Online regression over non-stationary data streams suffers from performance degradation due to concept drift, while conventional methods with fixed hyperparameters lack adaptability. Method: We propose a hyperparameter-free online regression framework that jointly integrates a drift-aware mechanism and dynamic weighted averaging to automatically balance stability and adaptivity. A high-confidence conservative update strategy is introduced, incorporating exponential weighted moving averages, real-time drift detection and quantification, adaptive dynamic weight adjustment, and incremental model updates. Contribution/Results: Experiments demonstrate that our method matches batch-learning approaches on stationary data and significantly outperforms state-of-the-art online algorithms under concept drift—achieving higher R² scores and faster convergence. It effectively bridges the performance gap between static and dynamic scenarios, offering robust, self-adaptive regression without manual tuning.
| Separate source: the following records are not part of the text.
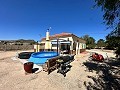 Beautiful country house with jacuzzi located in Agost in Alicante Property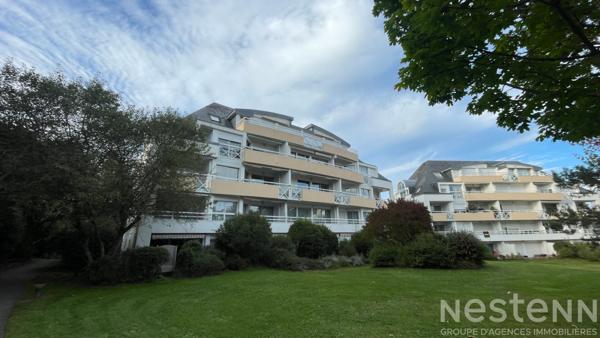 Confort et emplacement ideal : grand T4 avec terrasse ensoleillee, garage et cave a Auray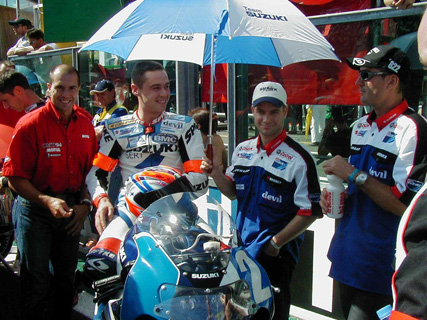 Jean-Michel accompagné de Nicolas Dussauge et Sébastien Gimbert avant le départ du Bol d'or 2003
Real-world datasets frequently exhibit evolving data distributions, reflecting temporal variations and underlying shifts. Overlooking this phenomenon, known as concept drift, can substantially degrade the predictive performance of the model. Furthermore, the presence of hyperparameters in online models exacerbates this issue, as these parameters are typically fixed and lack the flexibility to dynamically adjust to evolving data. This paper introduces "OLR-WAA: An Adaptive and Drift-Resilient Online Regression with Dynamic Weighted Average", a hyperparameter-free model designed to tackle the challenges of non-stationary data streams and enable effective, continuous adaptation. The objective is to strike a balance between model stability and adaptability. OLR-WAA incrementally updates its base model by integrating incoming data streams, utilizing an exponentially weighted moving average. It further introduces a unique optimization mechanism that dynamically detects concept drift, quantifies its magnitude, and adjusts the model based on real-time data characteristics. Rigorous evaluations show that it matches batch regression performance in static settings and consistently outperforms or rivals state-of-the-art online models, confirming its effectiveness. Concept drift datasets reveal a performance gap that OLR-WAA effectively bridges, setting it apart from other online models. In addition, the model effectively handles confidence-based scenarios through a conservative update strategy that prioritizes stable, high-confidence data points. Notably, OLR-WAA converges rapidly, consistently yielding higher R2 values compared to other online models.